Algumas falariam pouco, outras elogiariam, mas sempre com uma queixa a fazer. Saídas que não aconteceram, beijos que não rolaram ou que ocorreram tarde demais, verdades inescapáveis, terríveis acessos de fúria em salas de cinema, coisas. Ninguém sairia satisfeito até dizer o que havia entalado na garganta para alguém que também tinha algo a dizer. No entanto, ao ouvirem o barulho e afirmações fortes que cada uma fazia, perceberiam uma coisa: eu tinha sido melhor para as sucessoras. A número 1 serviu de teste e aperfeiçoamento para a relação com a número 2 e assim por diante. Nenhuma tinha uma reclamação exatamente igual. “As pessoas mudam”, diria alguma das presentes que pensasse nisso.

Nenhuma foi tratada pelo mesmo adjetivo da outra, sempre houve reinvenção. Nenhuma conheceu os mesmos defeitos que a antecessora conheceu. Ou eles ficaram mais evidentes ou se perderam no tempo. Por fim, todas admirariam o cuidado que tive para não enxergar as mesmas pessoas em corpos diferentes. Algumas derramariam uma lágrima por ainda estarem procurando alguém como eu, outras simplesmente sairiam do local reconhecendo minha inocência e as mais orgulhosas e céticas ainda iriam querer mais debate e discussão.
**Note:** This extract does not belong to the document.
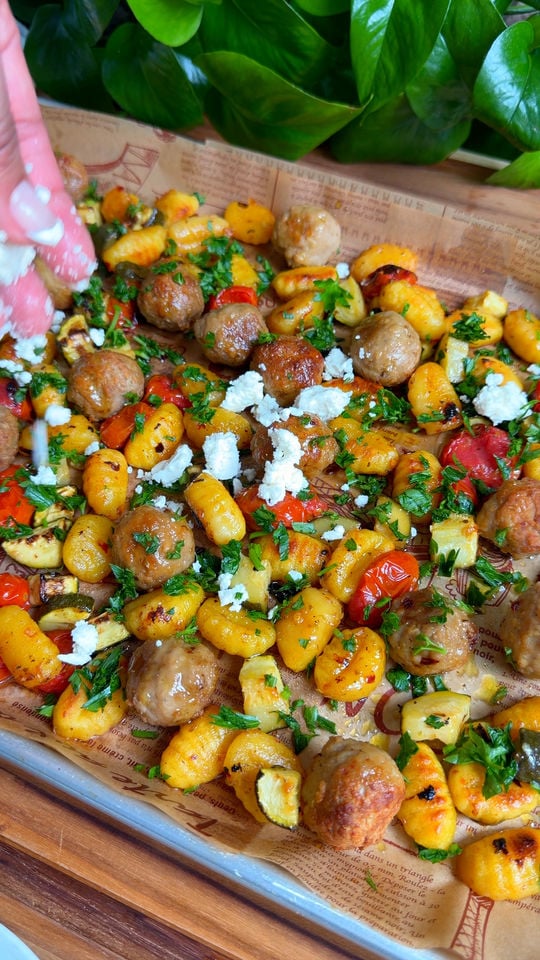 Roasted gnocchi with meatballs, zucchini, cherry tomatoes, feta, and herbs.
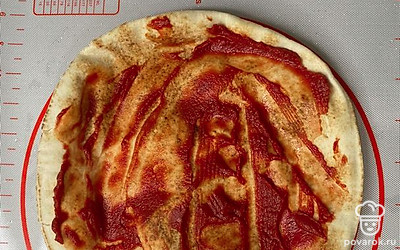 На питу выложите томатную пасту, распределите равномерно.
Neste dia, iriam para a casa com a única certeza sobre os humanos que existe: ninguém é igual. Nem mesmo a mesma pessoa é exatamente igual aos 13 e aos 20 anos. Sofreriam por saber que eu segui em frente e seguiriam em frente ao saber que eu também sofri para chegar aqui. Um tribunal sem sentença, onde a única juíza é a vida e onde o único réu é você mesmo.